# Chokecherry Wine



## pelican (Jul 27, 2009)

After a bit of a lull here on starting new wines, last night I put together a 6 gallon chokecherry batch. First time I've ventured beyond 1 gallon with that particular fruit, but decided after having done 4 singletons of the chokes previously, I was ready for the big time.

I used NW's tried and true recipe posted here already as a baseline - but where her recipe called for only 5 tsp of Acid Blend, I was shocked (still reeling from the shock!) to find that I had to add 15 tsp acid to get the acid titration and ph anywhere near what they should be! I wonder if her tsp really were tablespoons?? Or else I had some really really low-acid chokecherries there.

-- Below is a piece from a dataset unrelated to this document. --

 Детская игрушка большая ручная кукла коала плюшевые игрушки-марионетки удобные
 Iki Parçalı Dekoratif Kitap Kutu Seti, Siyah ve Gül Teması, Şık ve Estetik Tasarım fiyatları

Ran out of regular sugar after 25+ cups as well, had to break into the special Baking $ugar package that I bought my daughter for some recipe that she never made. But finally got the SG to 1.080 

Here's what I ended up with for the recipe:

7 1/4 quarts steamed chokecherry juice 

... actually, 2 3/4 quarts were juice soaked out of the mash remnants from the steaming.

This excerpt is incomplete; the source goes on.